A traditional Welsh dish has been successful in applying for protected food status.
Welsh Laverbread has been awarded special designation under European law, meaning no other producer can use its name.
The dish is made from cooked nori seaweed picked from the Welsh coast.
It joins the likes of Anglesey Sea Salt, Conwy Mussels, Pembrokeshire Early Potatoes and Welsh Lamb which have already been granted the status.
The recognition comes after a four year application process by Selwyn's Seafood, based in Penclawdd in Gower, Swansea.
- Laverbread's taste and appearance is affected by the cleanliness and temperature of the sea water, as well as the method of producing it, making it a characteristic of its origin.
- Collecting the laver, a type of seaweed, to make Welsh Laverbread was a small cottage industry in Pembrokeshire, dating back to 1800. The laver was thrown over thatched huts to dry before being sold to businesses in Swansea where it was cooked into Welsh Laverbread and sold at local markets.
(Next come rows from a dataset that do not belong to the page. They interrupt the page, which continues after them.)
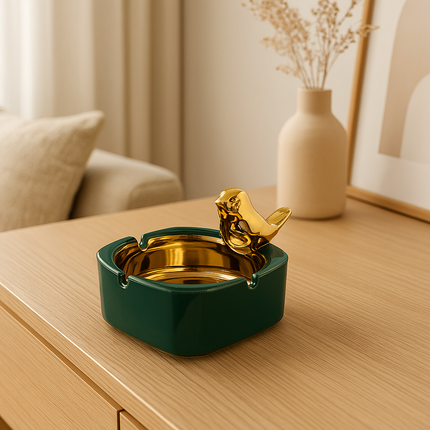 طفاية سجائر سيراميك فاخرة باللون الأخضر مع الطائر الذهبي – فخامة تجمع بين الذوق والعملية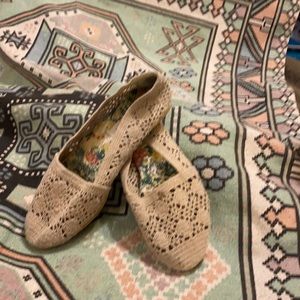 (3/$15)   Crochet flats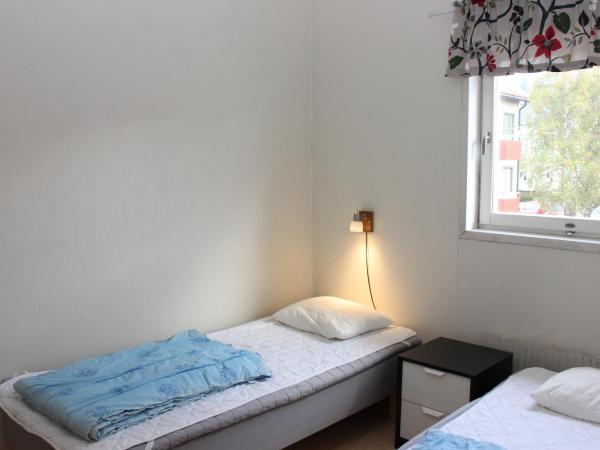 STF Östersund Ledkrysset : photo 2 de la chambre chambre double avec salle de bains commune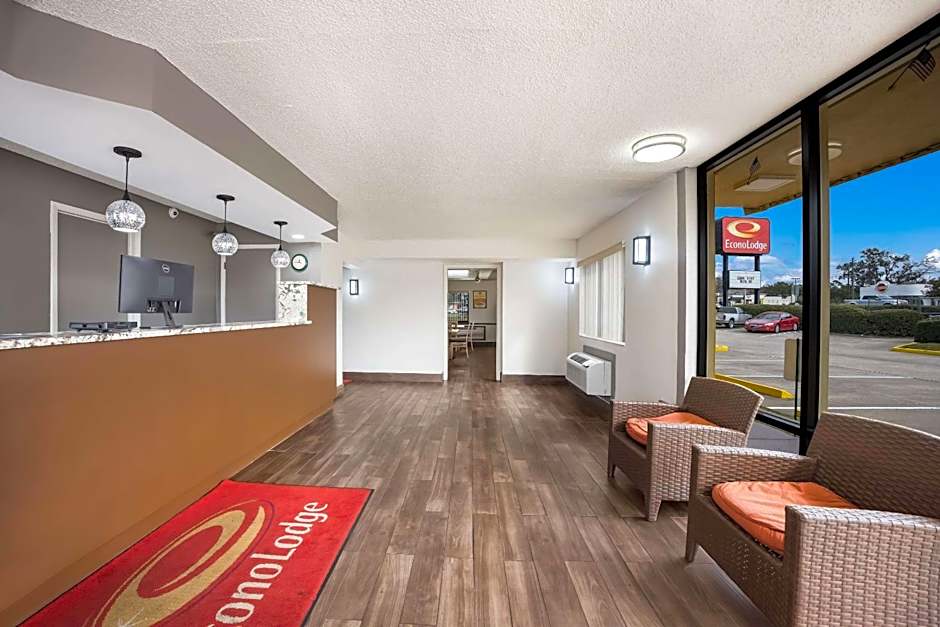 Econo Lodge Live Oak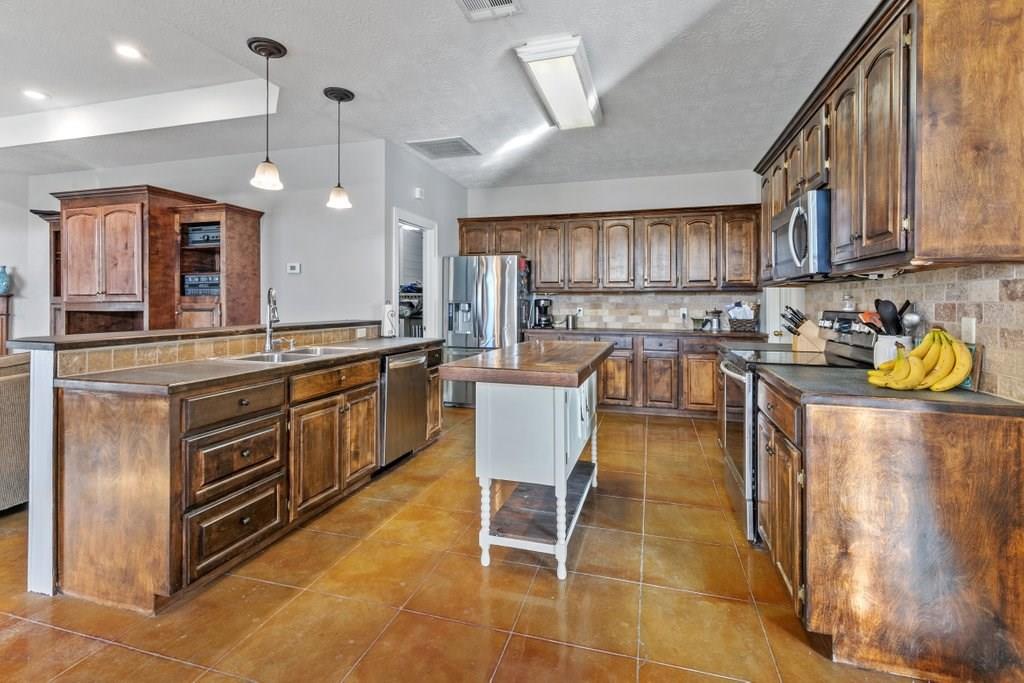 1639 Topsy Road Lake Charles, LA 70611 - Photo 4 of 24 Gallery Image 4
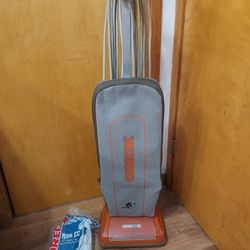 Oreck XL Upright Bag Lightweight Refurbished Upright Bag Vacuum Cleaner With Extra Bags  SEE POST. 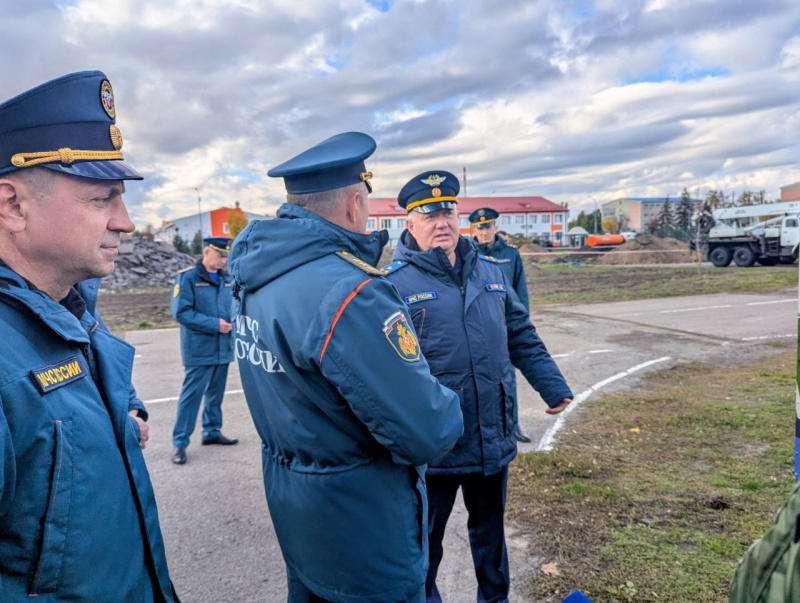 Глава МЧС России посетил центр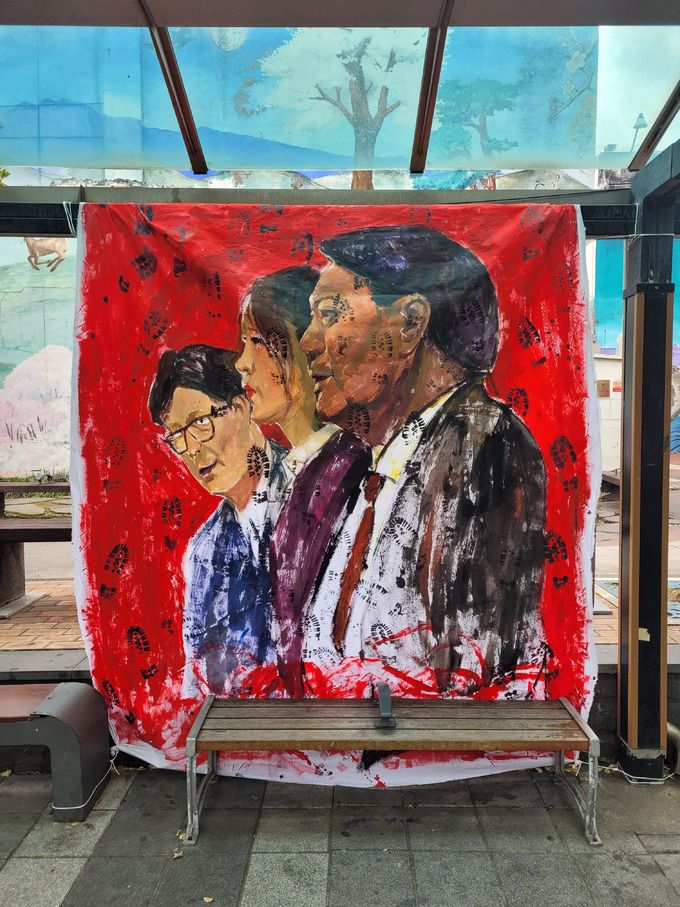 9일 오전 제주시청 버스 정류장에 비상계엄 사태와 윤석열 대통령, 김건희 여사, 한동훈 국민의힘 대표 등을 풍자하는 제주지역 청년작가들의 풍자화가 걸려있다. 뉴스1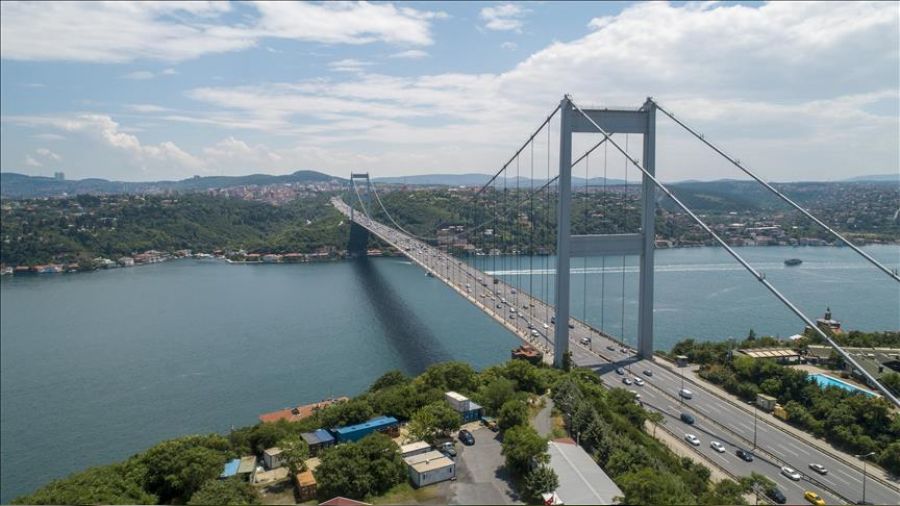 �stanbul Bo�az�'nda gemi trafi�i �ift y�nl� ask�ya al�nd� 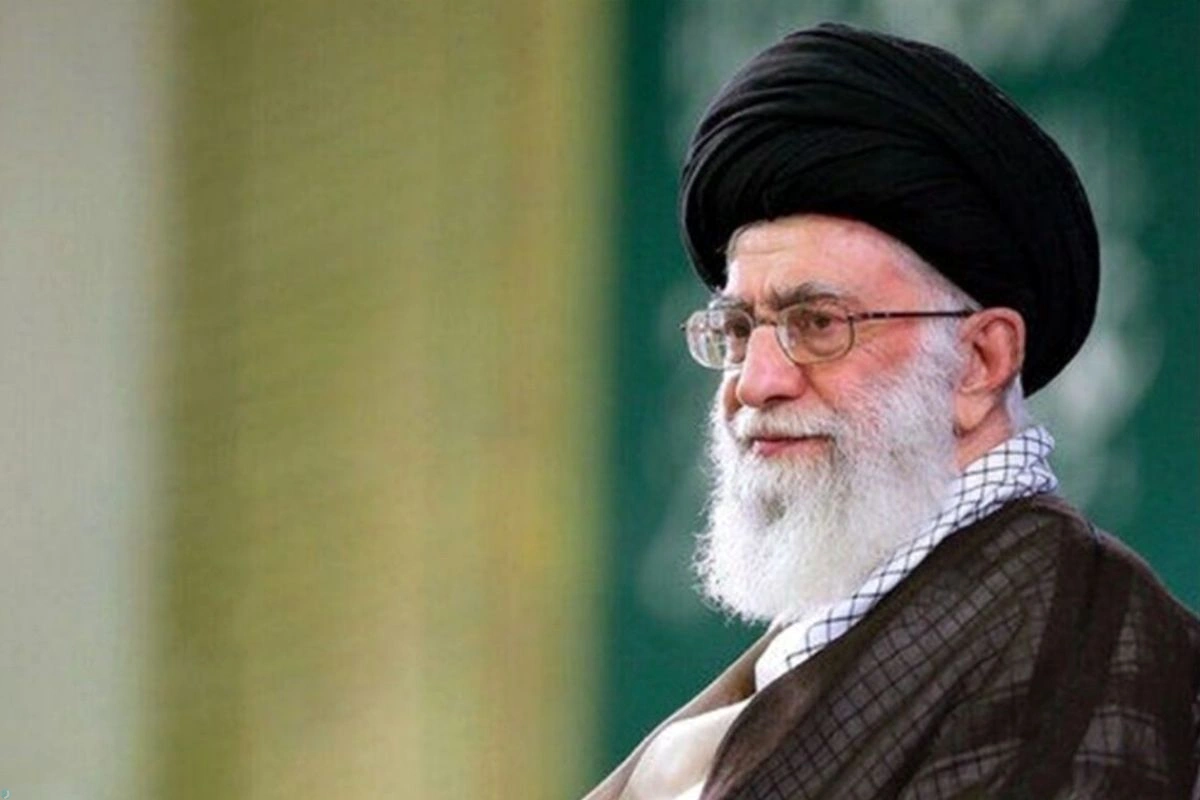 توییت دفتر رهبر انقلاب: نصر من‌الله و فتح قریب
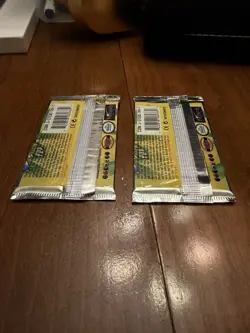 Pokemon Base Set 2 Sealed Booster Packs Venusaur Art 11 Cards Wizards - Image 4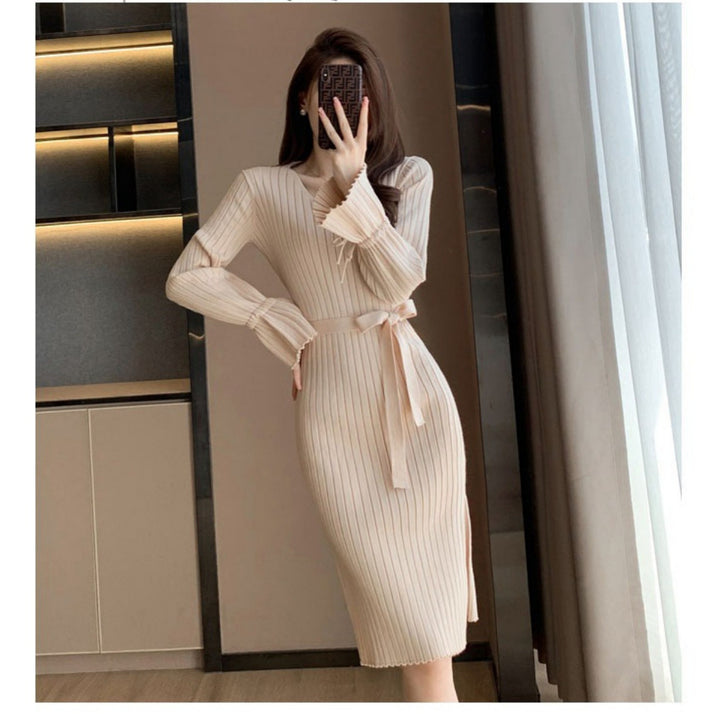 Robe en tricot pour femmes avec un élégant cintrage à la taille et une structure à côtes Chic & Stil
The status recognises foods which are produced, processed and prepared in a specific region using recognised expertise, such as Champagne and Parma Ham.
There are currently 80 protected names in the UK, made up of food products, wine, beers, ciders, spirits and wool.
In total, 12 Welsh products have now been awarded protected status.
Lesley Griffiths, cabinet secretary for environment and rural affairs, said: "Wales' reputation for high-quality food and drink continues to go from strength to strength."